Mr Coveney is making a second appearance before the Oireachtas Committee on Foreign Affairs within a week after inconsistencies emerged in the account he gave last Tuesday of the process leading up to her appointment on July 27th.

However, the Minister has insisted Ms Zappone never asked him for a job at any stage, and he said he never made her a firm offer last March – some four months before the official offer was made to her.

A text from Ms Zappone sent in early March thanked Mr Coveney enthusiastically in relation to a special envoy role.

However, Mr Coveney denied strongly that it was anything that amounted to an offer.
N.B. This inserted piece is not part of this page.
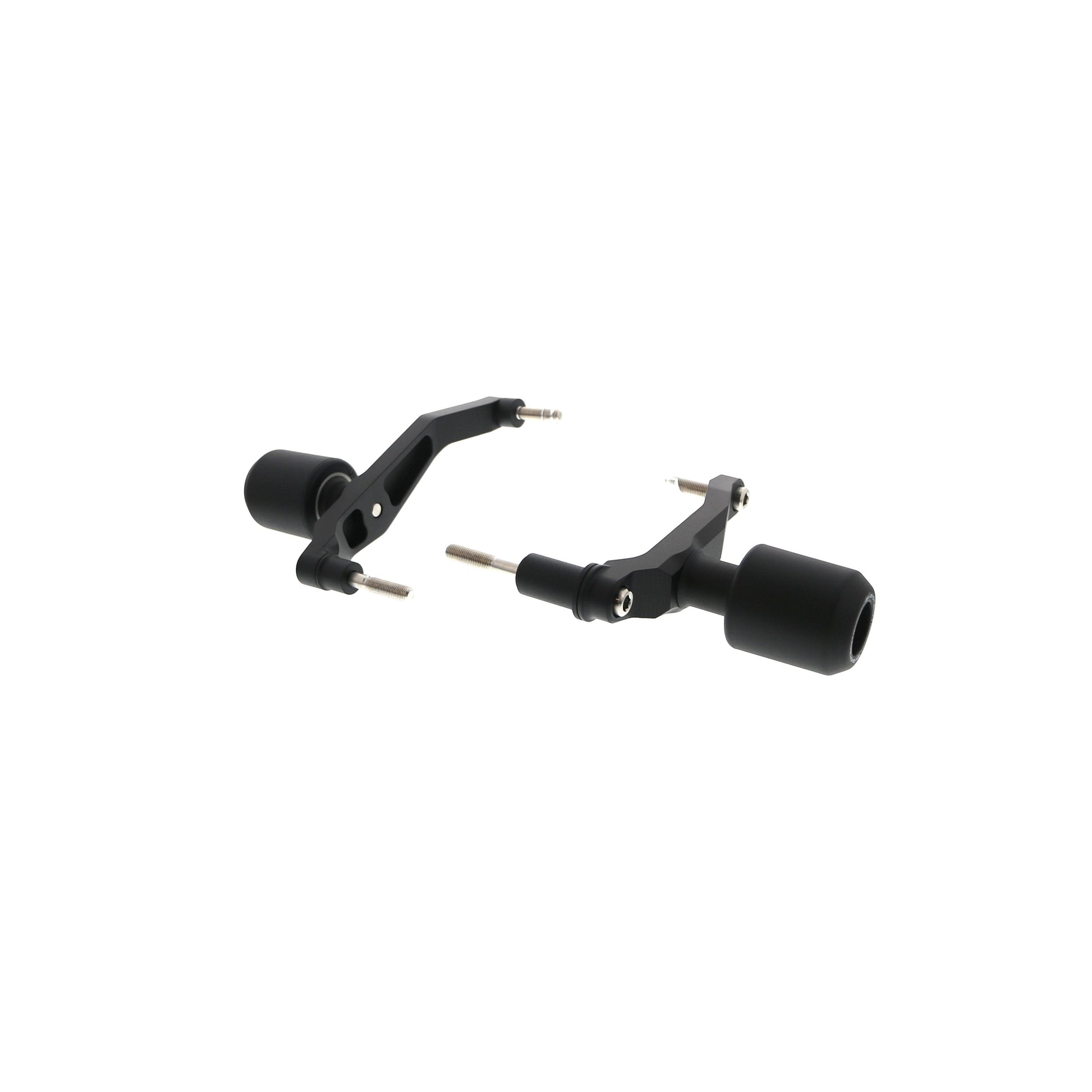 Evotech Triumph Trident Valblokken set (2021+)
In his opening statement to the committee, he said that the Department of Foreign Affairs at that stage was interested in exploring the concept of the role. He said he told her that in a phone call on March 3rd.

“It triggered a text to me the following day enthusiastically thanking me.

“It was not a job offer at that stage. As I made clear the concept had to be developed, and that has been made clear from the documentation that has been released,” he said.

“I should have been clearer with Katherine Zappone on the extent of the work needed before a formal role would be offered to her. I did not speak again to her until July 19th despite the fact she was looking for updates.”

Mr Coveney apologised to the committee for “creating the circumstances of a second hearing in a week.

“It was due to the sloppiness of some of my answers to some of your legitimate questions last week.”

Mr Coveney said he had made mistakes in recent weeks in terms of convincingly explaining how the job came about.

“It has led to political embarrassment for the Government.”

Statements to the committee

Sinn Féin spokesman on foreign affairs John Brady accused Mr Coveney of attempting to “deliberately mislead the committee”.

Mr Brady claimed Ms Zappone had lobbied Ministers and Geraldine Byrne Nason, Ireland’s ambassador to the United Nations, looking for the role.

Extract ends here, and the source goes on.